Problem: Wastefully un-structured HTML bibliographies

* Enter/collect structured data citations into Zotero [in: structured data]
* Generate bibliography with Zotero [out: unstructured textual data**]

** Bibliographies: RTF/HTML/TXT
** Exports: various RDF and non-RDF formats

Solution: Generate HTML + RDFa bibliography with Zotero (with whichever CSL style)

Scope: Zotero generates bibliographies in a number of output formats, with a number of citation styles

Value:

* Structured data
* Make 'round-trip' feasible (Citations -> Zotero -> Bibliography as RDFa -> Citations)

...

A COinS parser that outputs RDF triples would also be great.

westurner · April 12, 2014

There's an example of Schema.org RDFa for an MLA-style citation in [5]

[5] http://lists.w3.org/Archives/Public/public-vocabs/2014Apr/0104.html

westurner · April 12, 2014

I suppose the title of this request should be "Generate Schema.org HTML + RDFa bibliographies";

though an additional RDF export format with http://schema.org classes and properties could also be helpful.

adamsmith · April 12, 2014

ok that thread is helpful. So yeah - the way to go would be to code that in to citeproc directly, following the general template of how html bibs are generated in citeproc (and working with CSL variables taken from CSL-JSON). That's going to be a _huge_ undertaking, so I'd wait until we have more of an emerging standard - the thread from this week seems to suggest that it's not at all clear how this should actually look - and I doubt Frank from the citeproc side - or anyone at Zotero - is going to touch this any time in the next couple of years. It's possible this may be easier to do with one of the other citeproc (e.g. the -hs version integrated with Pandoc) but I don't know, you'd have to ask them.
Obviously, feel free to take a stab at this yourself, but the citeproc-js code is massive.

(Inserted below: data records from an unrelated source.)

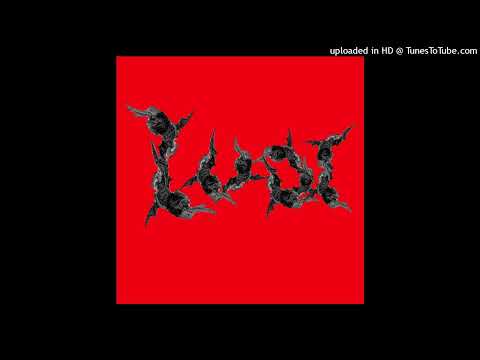 la transa freestyle gdolce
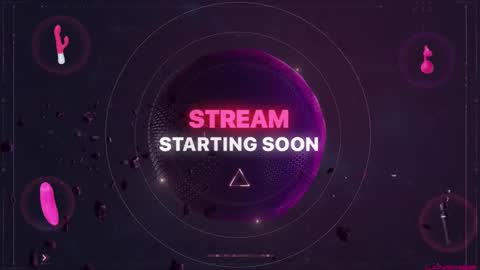 Snapshot of dotyoureyezez chatting on December 9, 2:06 pm DotYourEyezez  online show from December 9, 2:06 pm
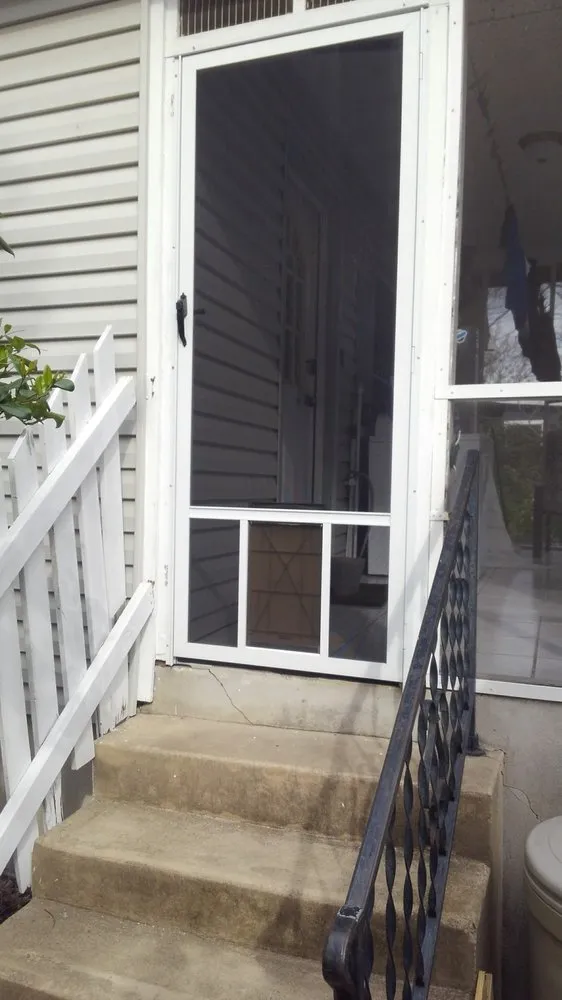 Emergency circuit breaker repair experts serving ,  - The Handley Man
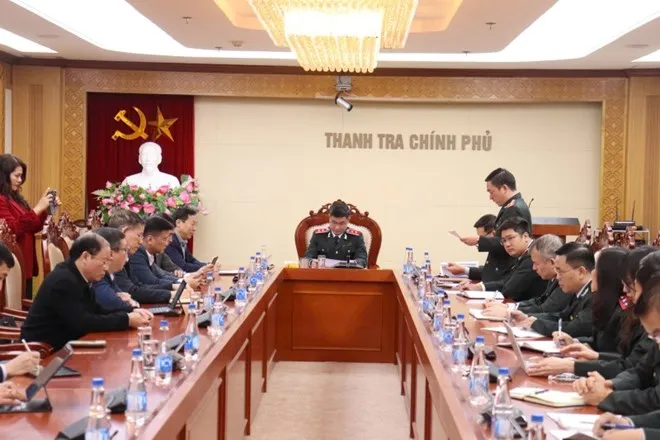 Bệnh viện Bạch Mai và Bệnh viện Hữu
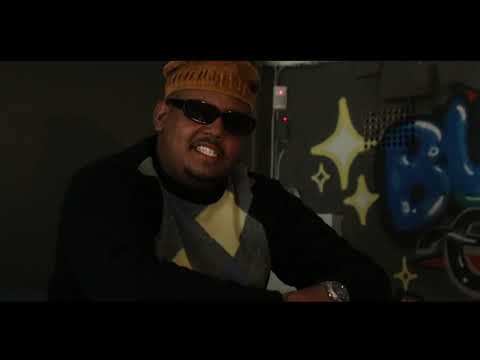 Heavy G - Colonizers Play Clothes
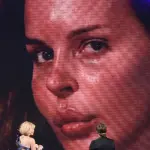 Moric e Ventura, la ‘fiction’ delle madri single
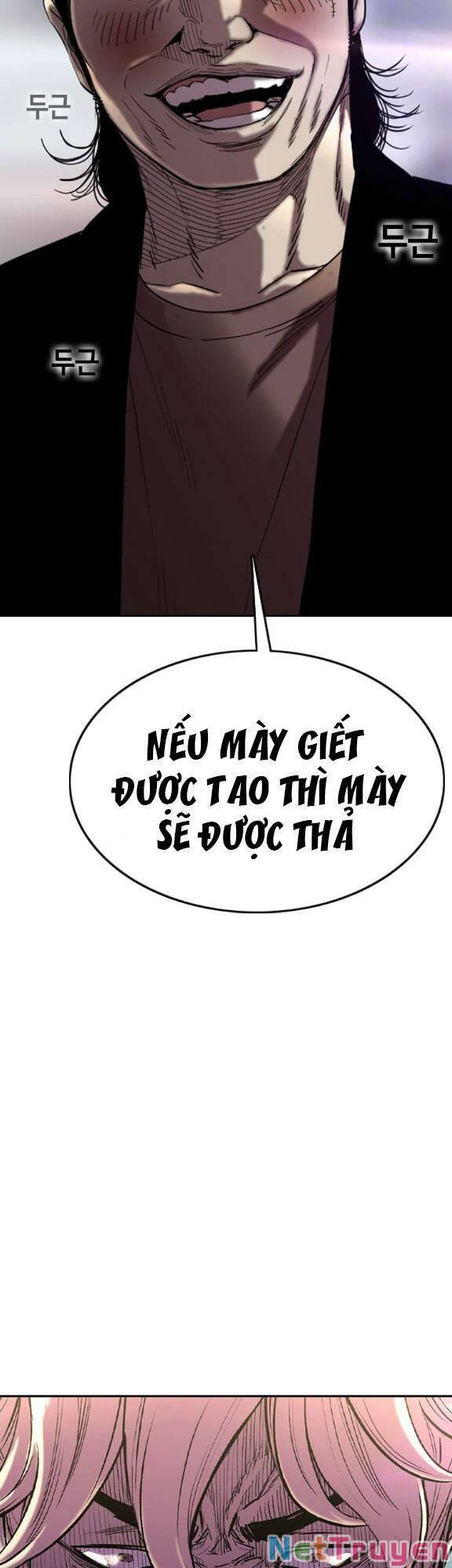 Bạt Tai Chapter 16 - 7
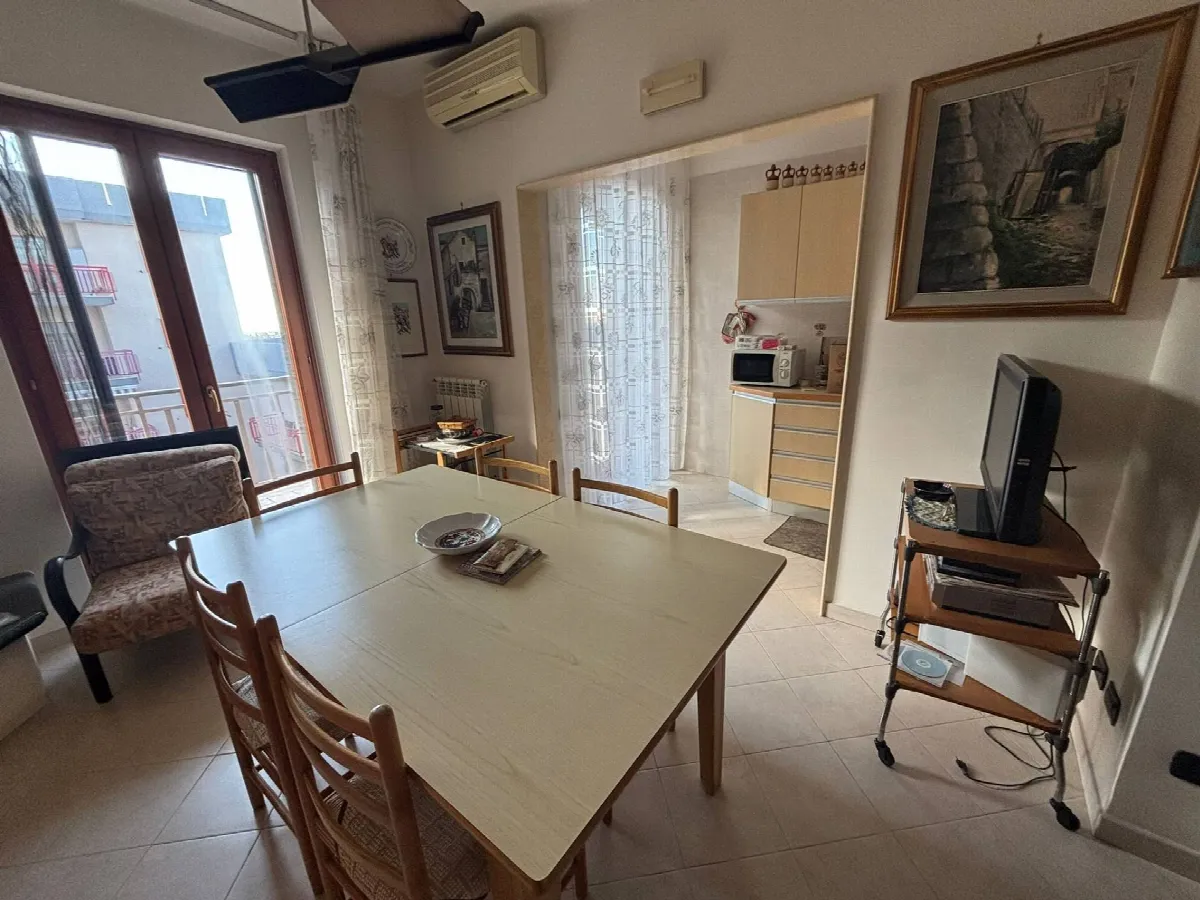 Appartamento in vendita a Massafra - foto 5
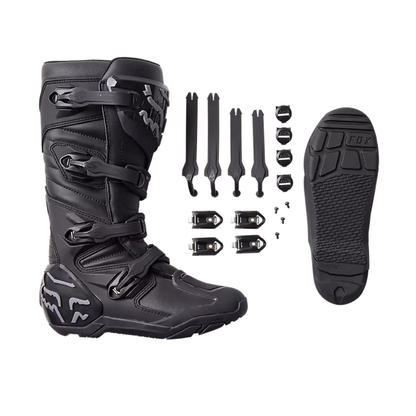 FOX COMP X BOOT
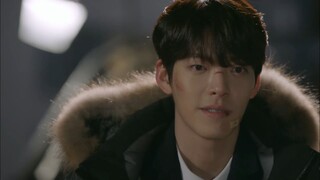 Uncontrollably Fond - 2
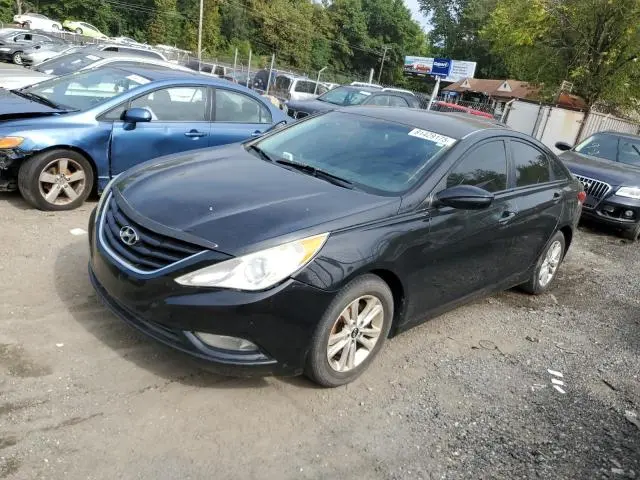 5NPEB4AC9DH517354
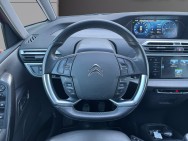CITROEN d'occasion C4 1.6 E-HDI 114 de 2014 Besançon (25)﻿
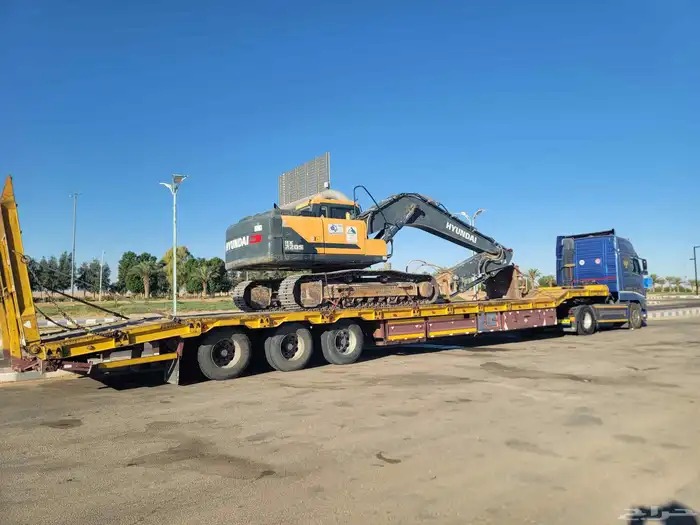 لوبد متواجد في القريات طبرجل الجوف سكاكه يبحث عن حموله 1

westurner · April 12, 2014

Thanks again for your help!

1. Map from CSL Types and attributes to Schema.org classes and properties

* https://en.wikipedia.org/wiki/CiteProc
* http://citationstyles.org/downloads/specification.html
* https://en.wikipedia.org/wiki/Separation_of_presentation_and_content
* https://github.com/citation-style-language/styles/blob/master/bibtex.csl
* https://github.com/brechtm/citeproc-py/blob/master/citeproc/source/bibtex/bibtex.py
* https://github.com/brechtm/citeproc-py/blob/master/citeproc/source/json.py

2. Output RDFa:

* https://bitbucket.org/fbennett/citeproc-js/src/tip/src/formats.js (html, text, rtf)
It appears that the output formatters are not schema-aware.

* https://github.com/citation-style-editor/csl-editor/wiki/User-guide-for-the-CSL-Editor
One could generate Schema.org HTML + RDFa copies of requisite CSL styles with a really gnarly XSL workalike.

* http://gsl-nagoya-u.net/http/pub/citeproc-doc.html#generating-bibliographies

(Seems like a lot of work to punctuate triples out of nested JSON form.)

It would be relatively easy to create a JSON-LD context [6] for CSL JSON, but that wouldn't satisfy the output requirements of [CSL Style X] as HTML+RDFa structured data readable by Zotero.

[6] http://www.w3.org/TR/json-ld/#the-context

aurimas · April 12, 2014

Make 'round-trip' feasible (Citations -> Zotero -> Bibliography as RDFa -> Citations)

If this is the problem you are trying to solve, then I think RDFa is the wrong approach. Formatted bibliographies often contain less metadata than necessary to generate citations in other formats (e.g. initials instead of full names, "et al" instead of the full list of authors, abbreviated journal titles, no DOI etc.), which would make re-importing the metadata next to useless.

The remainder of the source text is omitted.